The last time the Government worried about housing affordability, it used mid-century creativity to engineer some healthy competition between construction companies. Throughout New Zealand, builders competed to build spec houses on Government-owned land, with a guaranteed buy-back if the houses didn't sell.
Around the country the resulting designs were exhibited in a Parade of Homes, attracting thousands of punters wherever they were held. In 1958, Auckland's fourth Parade unveiled 30 show-homes on Mt Albert's newly extended Haverstock Rd. Prize-winning builder P.A. Carmine shocked some people with his contemporary design, modelled on the decade's uber-cool Group Architects. Today's punters would be more shocked at the price: 3450 for a modern three-bedroom house (excluding section).

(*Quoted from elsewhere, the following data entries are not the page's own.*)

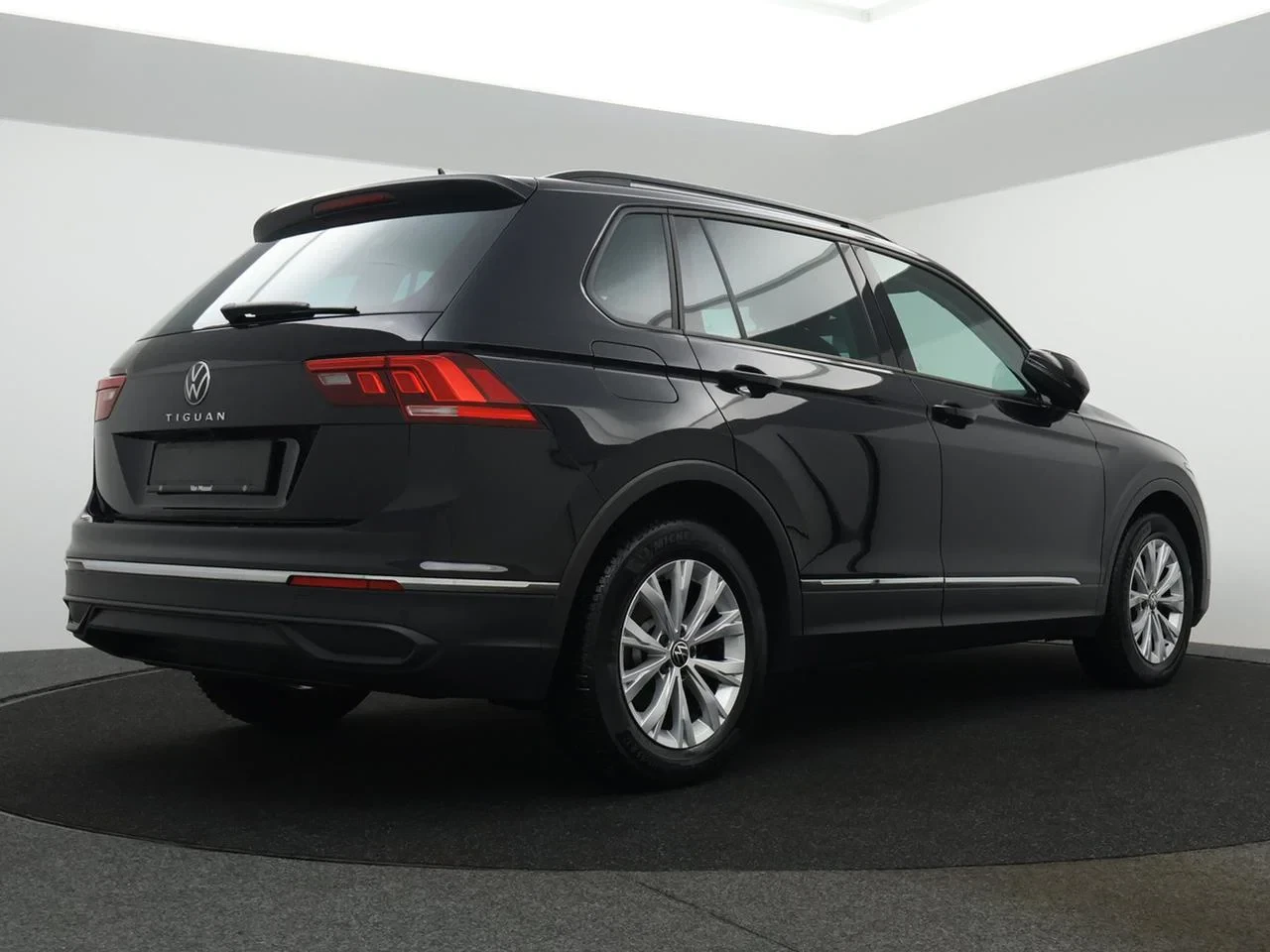Volkswagen-Tiguan-image-12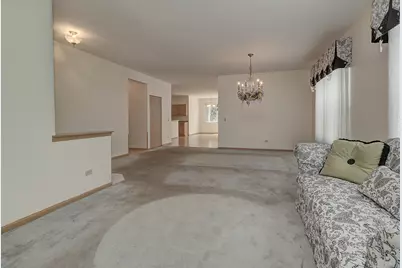 728 Holland Lane, Romeoville, IL 60446 - Photo 7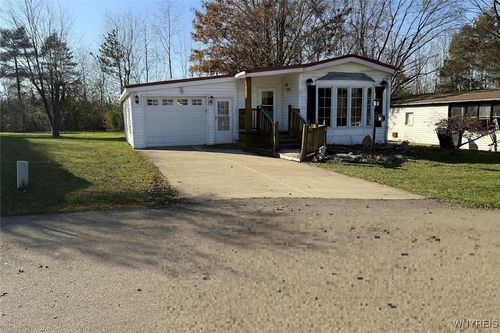 16 W Canyon Dr, Hamburg, NY, 14075-1812 | Card Image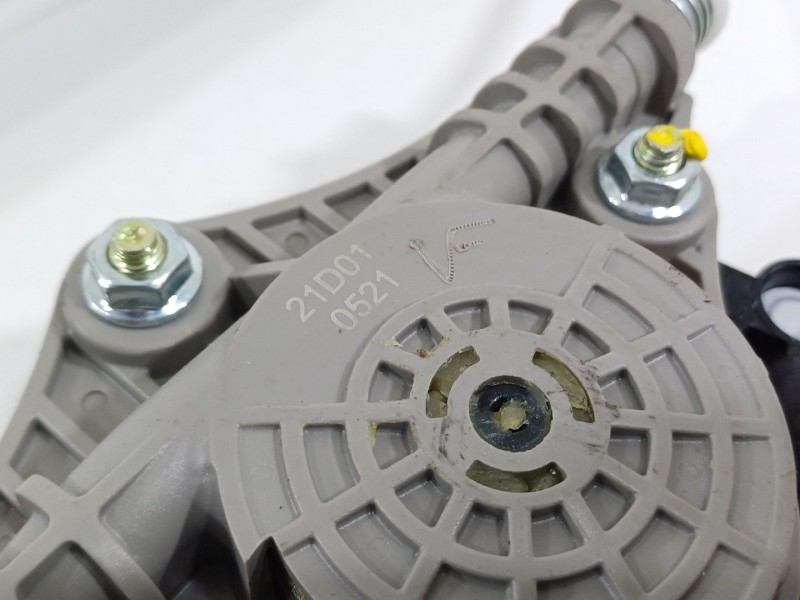 Recambio de elevalunas trasero izquierdo para kia rio (yb) referencia OEM IAM 83450H8000  83401H8100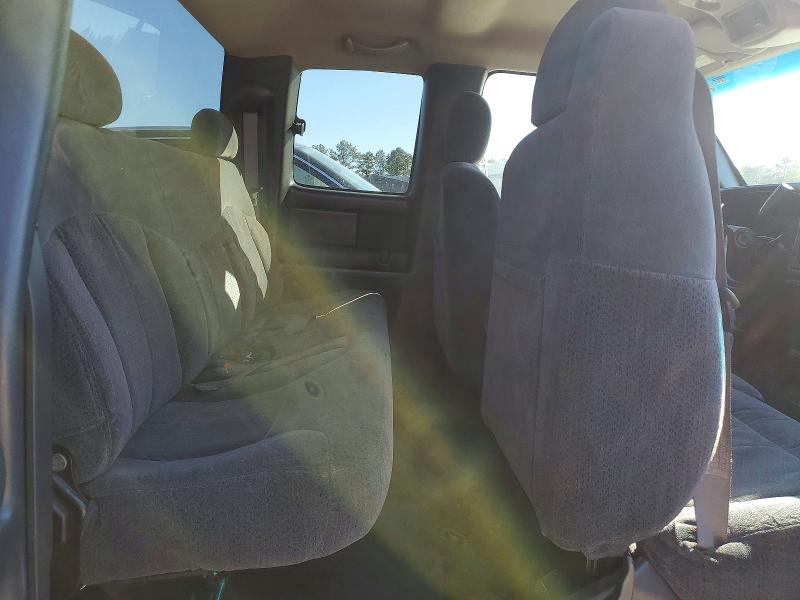 Photo 10 from auction – 1999 CHEVROLET SILVERADO with VIN 2GCEC19T4X1178735
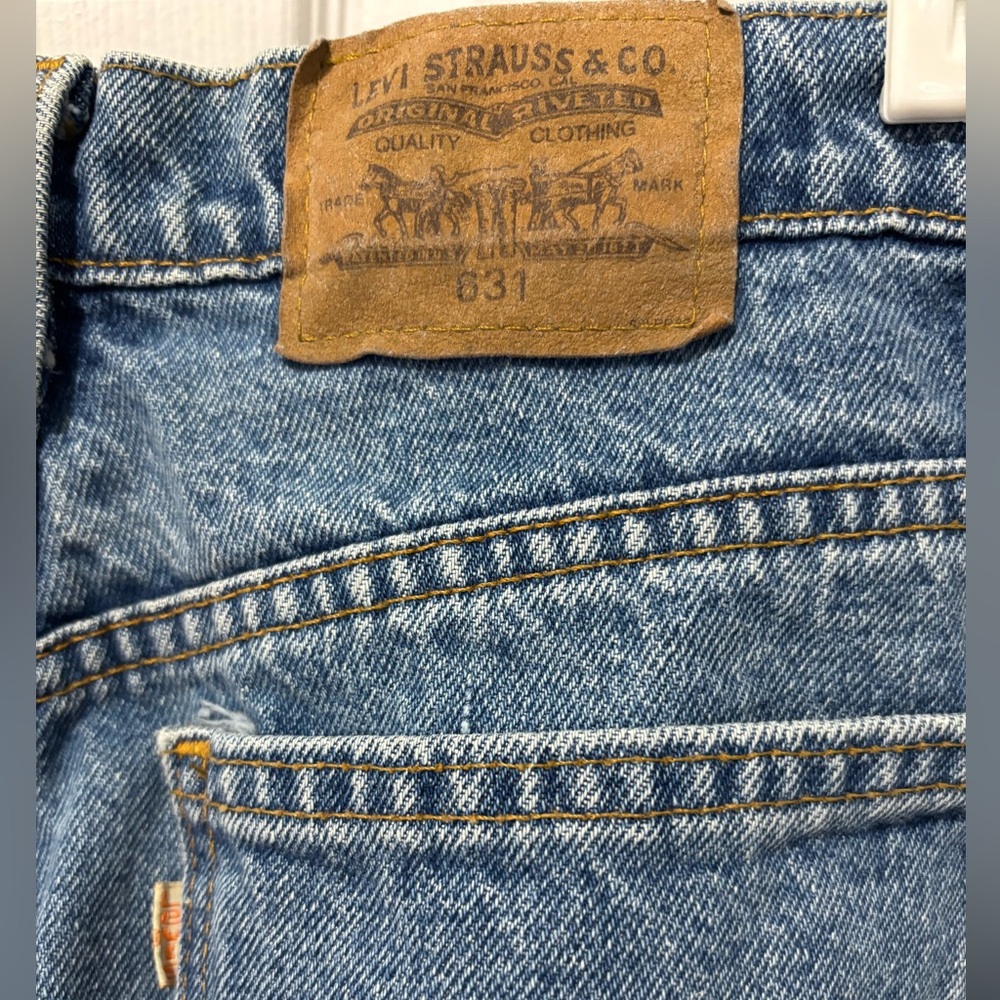 Levis 631 Vintage Mom Jeans - Picture 3 of 6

Fifty-plus years later, long-time Sandringham residents and design aficionados Janice and Richard Gourley wondered what was behind the forest of trees in a Trade Me photo. "The house found us, really," Janice recalls. "We love modernist design, but this had such a contemporary feel."
Mr Carmine's courtyard house stood out from its conventional neighbours, with its daring butterfly profile: two mono-pitched rooflines wrapped around a sunny central patio. "He really used the aspect of the land," says Janice. "We get all-day sun and all-night moon." Raised above the street, the views across Kerr Taylor Park and Mt Albert Grammar's grounds are impressive, too.